See also: List of bridges in Canada and List of Manitoba provincial highways

Transportation and warehousing contribute approximately C$2.2 billion to Manitoba's GDP. Total employment in the industry is estimated at 34,500, or around 5 percent of Manitoba's population. Trucks haul 95 percent of land freight in Manitoba, and trucking companies account for 80 percent of Manitoba's merchandise trade to the United States. Five of Canada's twenty-five largest employers in for-hire trucking are headquartered in Manitoba. C$1.18 billion of Manitoba's GDP comes directly or indirectly from trucking.

Greyhound Canada and Grey Goose Bus Lines offer domestic bus service from the Winnipeg Bus Terminal. The terminal was relocated from downtown Winnipeg to the airport in 2009, and is a Greyhound hub. Municipalities also operate localized transit bus systems.

Manitoba has two Class I railways: Canadian National Railway (CN) and Canadian Pacific Railway (CPR). Winnipeg is centrally located on the main lines of both carriers, and both maintain large inter-modal terminals in the city. CN and CPR operate a combined 2,439 kilometres (1,516 mi) of track in Manitoba. Via Rail offers transcontinental and Northern Manitoba passenger service from Winnipeg's Union Station. Numerous small regional and short-line railways also run trains within Manitoba: the Hudson Bay Railway, the Southern Manitoba Railway, Burlington Northern Santa Fe Manitoba, Greater Winnipeg Water District Railway, and Central Manitoba Railway. Together, these smaller lines operate approximately 1,775 kilometres (1,103 mi) of track in the province.

Winnipeg James Armstrong Richardson International Airport, Manitoba's largest airport, is one of only a few 24-hour unrestricted airports in Canada and is part of the National Airports System.

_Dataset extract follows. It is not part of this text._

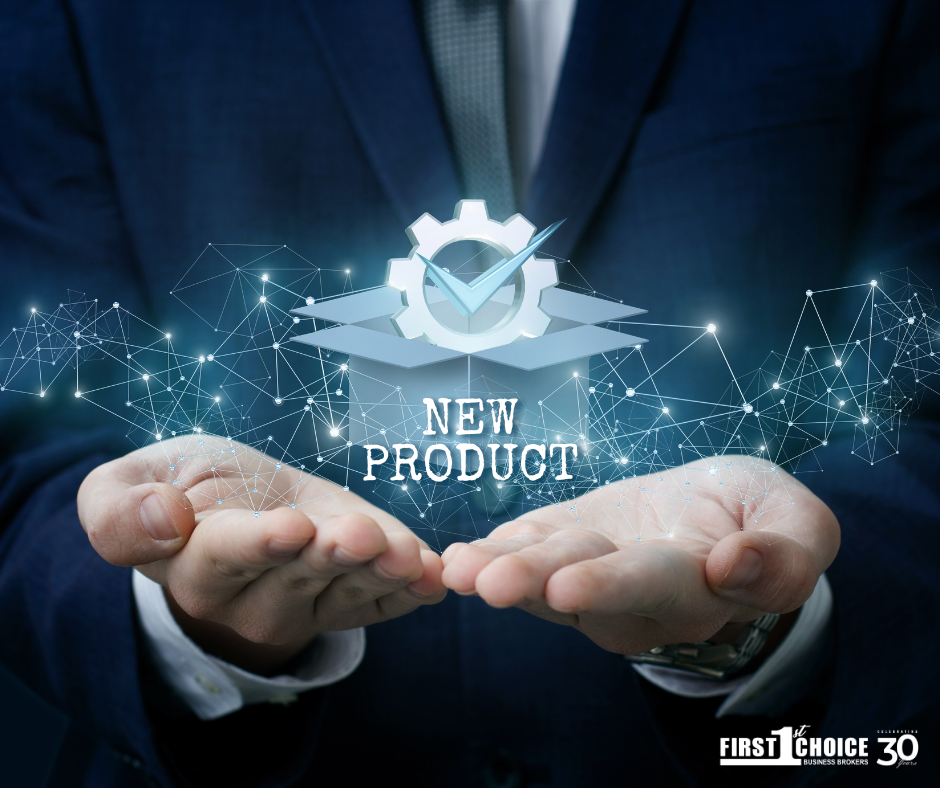 A man in a suit is holding a new product in his hands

A new, larger terminal opened in October 2011. The airport handles approximately 195,000 tonnes (430,000,000 lb) of cargo annually, making it the third largest cargo airport in the country.

Eleven regional passenger airlines and nine smaller and charter carriers operate out of the airport, as well as eleven air cargo carriers and seven freight forwarders. Winnipeg is a major sorting facility for both FedEx and Purolator, and receives daily trans-border service from UPS. Air Canada Cargo and Cargojet Airways use the airport as a major hub for national traffic.

The Port of Churchill, owned by OmniTRAX, is nautically closer to ports in Northern Europe and Russia than any other port in Canada. The port is the only Arctic deep-water port in Canada and a part of the closest shipping route between North America and Asia. It has four deep-sea berths for the loading and unloading of grain, general cargo and tanker vessels. The port is served by the Hudson Bay Railway (also owned by OmniTRAX). Grain represented 90 percent of the port's traffic in the 2004 shipping season. In that year, over 600,000 tonnes (1.3×109 lb) of agricultural products were shipped through the port.